Date first published: 27/06/2023
Key sectors: all
Key risks: war on land; internal conflict; political instability
Late on 23 June the head of the Russian mercenary Wagner Group, Yevgeny Prigozhin, published a video in which he announced that his forces had crossed the border from Ukraine into Russia as part of a “march for justice” aimed at ousting Russia’s military leadership. On 24 June Wagner forces reportedly seized military facilities in the cities of Rostov-on-Don and Voronezh and marched towards Moscow. The Federal Security Service (FSB) opened a criminal case against Prigozhin for armed mutiny. President Vladimir Putin accused Prigozhin of betrayal and warned of “inevitable punishments”.

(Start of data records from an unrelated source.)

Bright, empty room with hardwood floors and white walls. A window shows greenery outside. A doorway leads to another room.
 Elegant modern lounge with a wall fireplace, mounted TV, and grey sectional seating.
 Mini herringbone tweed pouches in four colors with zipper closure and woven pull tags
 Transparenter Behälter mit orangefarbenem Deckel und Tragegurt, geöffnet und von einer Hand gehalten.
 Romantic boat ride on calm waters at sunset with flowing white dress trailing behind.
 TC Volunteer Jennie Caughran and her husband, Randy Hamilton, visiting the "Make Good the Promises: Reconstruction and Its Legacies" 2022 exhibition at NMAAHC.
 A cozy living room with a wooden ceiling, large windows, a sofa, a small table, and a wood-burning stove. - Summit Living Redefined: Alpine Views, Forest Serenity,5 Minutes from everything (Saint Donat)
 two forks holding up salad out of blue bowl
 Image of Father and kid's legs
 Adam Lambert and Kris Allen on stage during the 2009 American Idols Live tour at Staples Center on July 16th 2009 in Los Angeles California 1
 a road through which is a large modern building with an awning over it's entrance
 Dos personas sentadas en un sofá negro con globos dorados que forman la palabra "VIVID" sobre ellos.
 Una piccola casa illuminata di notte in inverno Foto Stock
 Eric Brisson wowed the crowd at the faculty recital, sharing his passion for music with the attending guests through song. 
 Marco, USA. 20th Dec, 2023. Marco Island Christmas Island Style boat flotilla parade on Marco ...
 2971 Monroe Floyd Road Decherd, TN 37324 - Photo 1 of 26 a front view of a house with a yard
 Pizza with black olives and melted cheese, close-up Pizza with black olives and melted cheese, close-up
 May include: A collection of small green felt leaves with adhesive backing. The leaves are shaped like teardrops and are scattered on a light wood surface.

Late on 24 June the Kremlin announced that Belarusian President Alexander Lukashenko had brokered a deal with Prigozhin to end the mutiny. Under the deal, Prigozhin will move to Belarus with criminal charges against him being dropped and no Wagner personnel will be charged for their involvement in the rebellion. Following the announcement of the deal, Prigozhin ordered his troops to withdraw from Rostov and Voronezh.
Why it matters
While it is too soon to draw conclusions, preliminary analysis indicates that the mutiny exposed the weaknesses of Putin’s regime, further undermining it. First, Russia’s security forces were not prepared for such a development, posing only minimal resistance to Wagner’s advances. Wagner forces even destroyed five military helicopters. Second, the mutiny indicates that Putin’s grip on power is much weaker than previously believed. Although Putin is known to thrive on inter-elite infighting as it keeps different groups weakened, the rebellion suggests that he is not capable of preventing such infighting from escalating. Finally, Putin came to power following years of volatility and cemented his legitimacy on the provision of stability and security. The mutiny is a clear indication that he is no longer able to deliver on that, increasing the regime’s vulnerability.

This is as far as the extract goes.